(ASSIGNMENT): Without the pictures, can you quote each line below exactly?

(STORED DATA):

· · · · · · ·

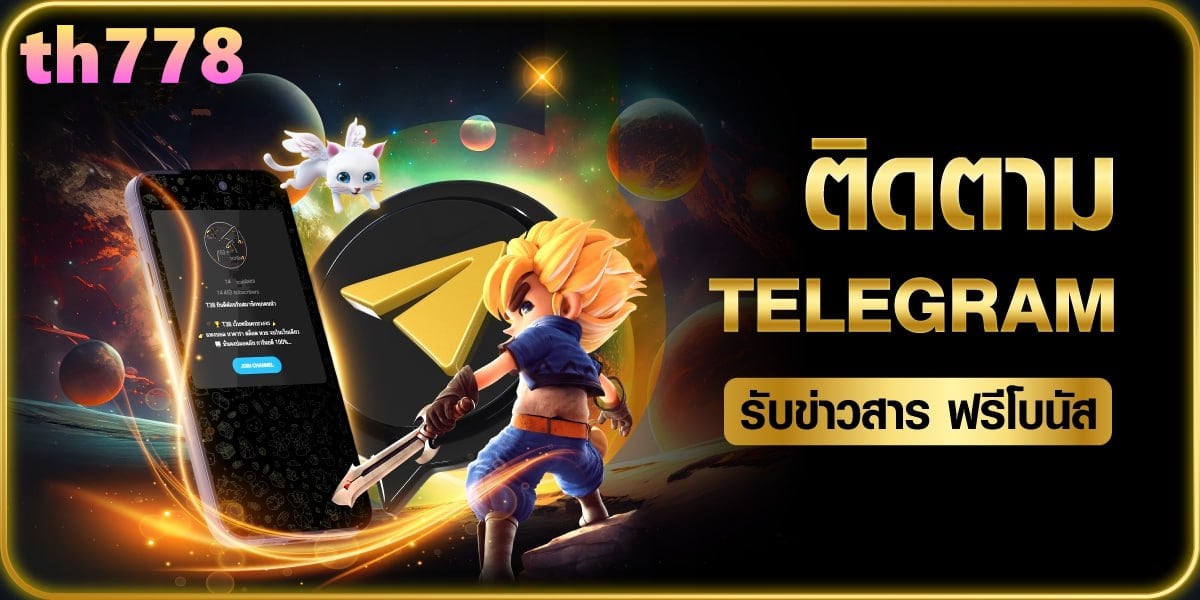 pgslot5g โค้ดฟรี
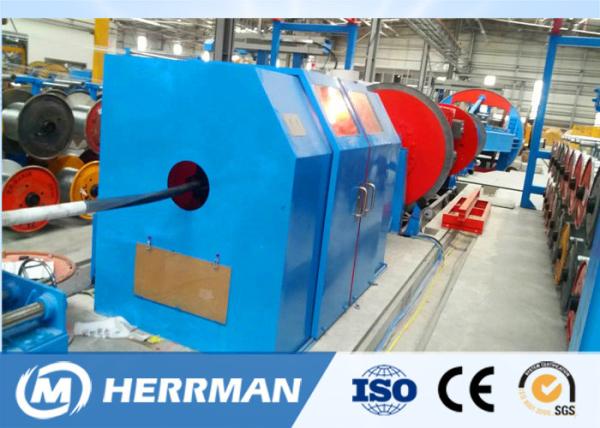 Drum Twister Type Adjustable Pitch Cable Armouring Machine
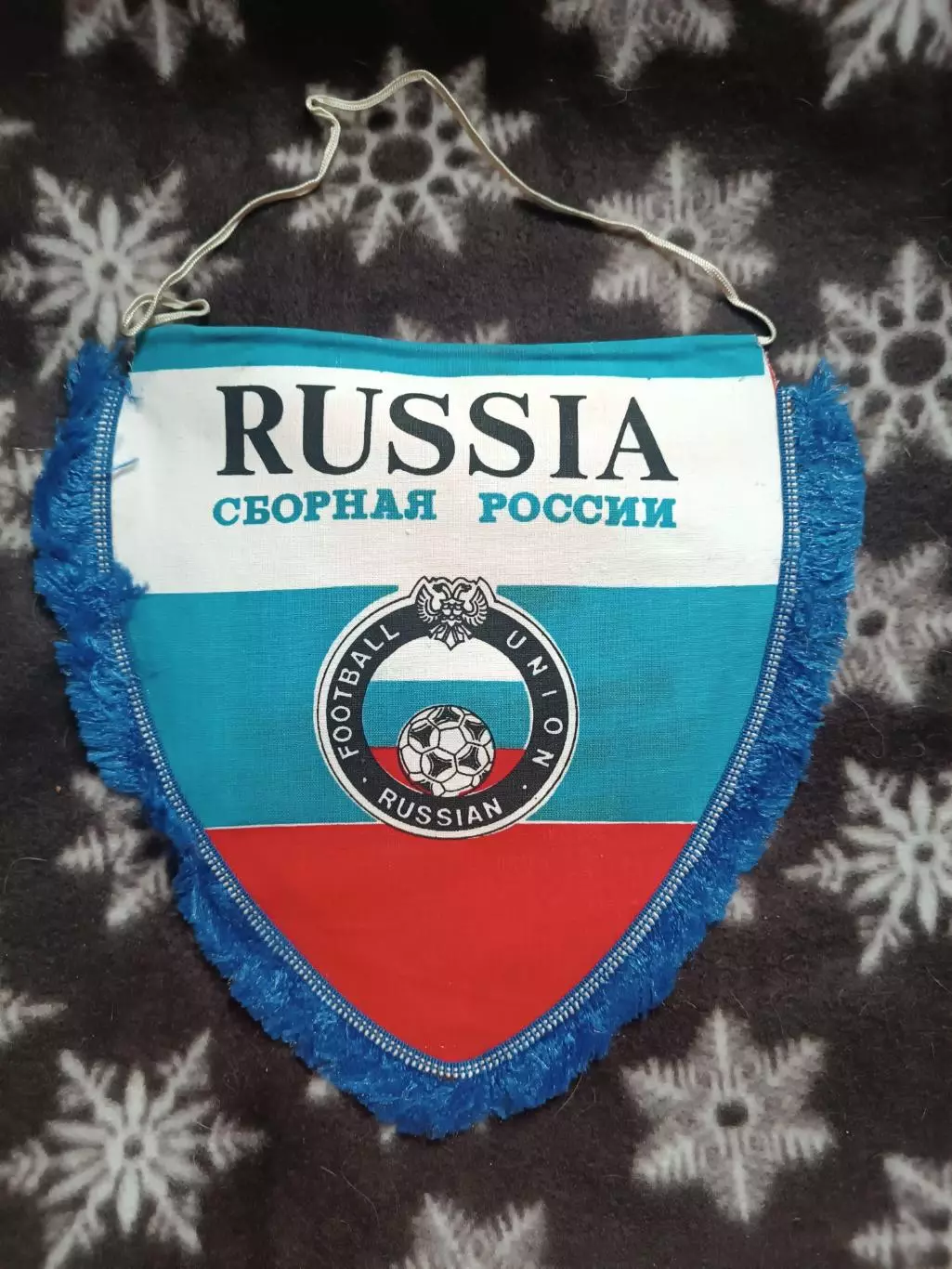 вымпел футбольный клуб Россия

· · · · · · ·

(RESPONSE):
 pgslot5g โค้ดฟรี
 Drum Twister Type Adjustable Pitch Cable Armouring Machine
 вымпел футбольный клуб Россия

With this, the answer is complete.